Matthieu Raffray est hyperactif. Le 6 janvier, il donnait une conférence à Rouen, au Mora. Le bar du groupuscule qui a succédé à Génération identitaire en Normandie. / Crédits : DR
Raffray n’est pas qu’un influenceur qui proclame son désir d’un « catholicisme viril »… Comme le relève le site antifasciste La Horde, il organise aussi des stages visant à « former des hommes virils ». Ceux-ci sont fidèles au slogan du religieux : on y prie et on y écoute des conférences de Baptiste Marchais ou de Christopher Lannes, animateur de TV Libertés. En dehors de ces temps de réflexions, les participants jouent au ball-trap avec des fusils de chasse et s’entraînent au (sports de) combat sous la houlette de Victor Aubert, président des cathos identitaires Academia Christiana. Une association fondée par Julien Langella, également cofondateur de Génération identitaire.
Sur la chaîne d'extrême droite TV Libertés, le YouTubeur faf Baptiste Marchais et l'abbé bagarreur Matthieu Raffray approuvent un « catholicisme viril », et surtout violent. / Crédits : DR
Un juste renvoi d’ascenseur. Car fin août, l’abbé Raffray était l’une des têtes d’affiche de l’université d’Academia Christiana, où se sont pressés les radicaux fous de Dieu et de baston. Les cathos tradis de Civitas mais aussi les cathos identitaires de l’Alvarium et de d’Auctorum. Le premier est un groupuscule angevin récemment dissous, très proche du second basé à Versailles. Bien peignés, ces gosses de bonne famille sortent à l’occasion le bombers et les gants renforcés. Samedi, ils posaient avec les Zouaves dans la manif anti-pass par exemple. Cet été, ils ont fait une journée de cohésion avec les groupes Paris nationaliste (excroissance dans la capitale des dernières troupes du pétainiste Yvan Benedetti) et les jeunes néofascistes de Luminis Paris. Et les exemples sont légion. Sans le reprendre forcément, ils appliquent à la lettre le slogan « bagarre bagarre prière », dans cet ordre, de l’abbé Raffray.
L’Institut du Bon Pasteur, c’est quoi ?
L’institut du Bon Pasteur (IBP) regroupe des prêtres comme l’abbé Raffray et des séminaristes catholiques traditionalistes, c’est-à-dire opposés à la réforme liturgique initiée par Vatican II. Dans les faits, il s’agit d’une congrégation visant à faire revenir dans le giron de l’Eglise les exclus de la Fraternité sacerdotale Saint-Pie-X fondée en 1970 par monseigneur Lefebvre. « On est clairement dans quelque chose qui s’inscrit à l’extrême droite », décrypte une journaliste spécialisée.

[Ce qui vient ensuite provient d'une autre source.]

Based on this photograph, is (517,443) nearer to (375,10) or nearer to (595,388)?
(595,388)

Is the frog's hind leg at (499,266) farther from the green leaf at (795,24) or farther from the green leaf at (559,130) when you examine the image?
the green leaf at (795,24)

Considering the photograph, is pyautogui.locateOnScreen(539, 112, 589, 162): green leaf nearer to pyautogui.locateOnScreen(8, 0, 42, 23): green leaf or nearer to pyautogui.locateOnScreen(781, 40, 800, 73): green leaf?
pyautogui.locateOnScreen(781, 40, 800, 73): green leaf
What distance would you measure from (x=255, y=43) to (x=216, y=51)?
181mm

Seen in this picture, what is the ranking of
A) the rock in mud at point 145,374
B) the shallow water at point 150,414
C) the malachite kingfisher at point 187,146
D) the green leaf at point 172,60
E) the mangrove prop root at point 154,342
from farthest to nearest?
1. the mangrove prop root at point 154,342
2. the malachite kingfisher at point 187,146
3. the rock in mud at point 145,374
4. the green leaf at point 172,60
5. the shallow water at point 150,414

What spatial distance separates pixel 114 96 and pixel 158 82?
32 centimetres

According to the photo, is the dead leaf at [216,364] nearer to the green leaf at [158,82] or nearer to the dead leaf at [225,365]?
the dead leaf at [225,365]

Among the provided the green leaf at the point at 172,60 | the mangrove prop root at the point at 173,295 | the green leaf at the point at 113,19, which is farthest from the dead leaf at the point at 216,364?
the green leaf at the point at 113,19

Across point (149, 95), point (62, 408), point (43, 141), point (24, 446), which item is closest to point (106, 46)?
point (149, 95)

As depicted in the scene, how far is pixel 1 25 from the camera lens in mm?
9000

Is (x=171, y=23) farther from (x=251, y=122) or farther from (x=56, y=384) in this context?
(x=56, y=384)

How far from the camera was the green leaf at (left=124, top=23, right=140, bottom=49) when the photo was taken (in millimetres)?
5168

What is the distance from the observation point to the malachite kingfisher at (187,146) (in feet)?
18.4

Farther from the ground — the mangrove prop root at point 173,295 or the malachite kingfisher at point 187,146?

L’IBP a d’ailleurs été fondé par des anciens de la FSSPX parmi lesquels on trouve l’abbé Guillaume de Tanoüarn, une figure importante du catholique traditionaliste. Un homme de foi et un homme de presse. « Il est aussi à la tête du magazine Monde et Vie dont il a repris la direction avec Paul-Marie Coûteaux et Gabrielle Cluzel », explique Jean-Yves Camus à StreetPress. « Il est copain avec tout le monde et collabore avec beaucoup de publications dont des revues de la Nouvelle Droite. »
« Tanoüarn est moins obsédé par la croisade et l’islam que Raffray. D’ailleurs, il fait de la politique notamment dans son journal qui est loin d’être un journal de paroisse. On y parle de l’élection présidentielle avec Jean-Yves Le Gallou ou Bernard Antony », détaille le chercheur.
Contacté, l’abbé Matthieu Raffray n’a pas souhaité répondre à nos questions.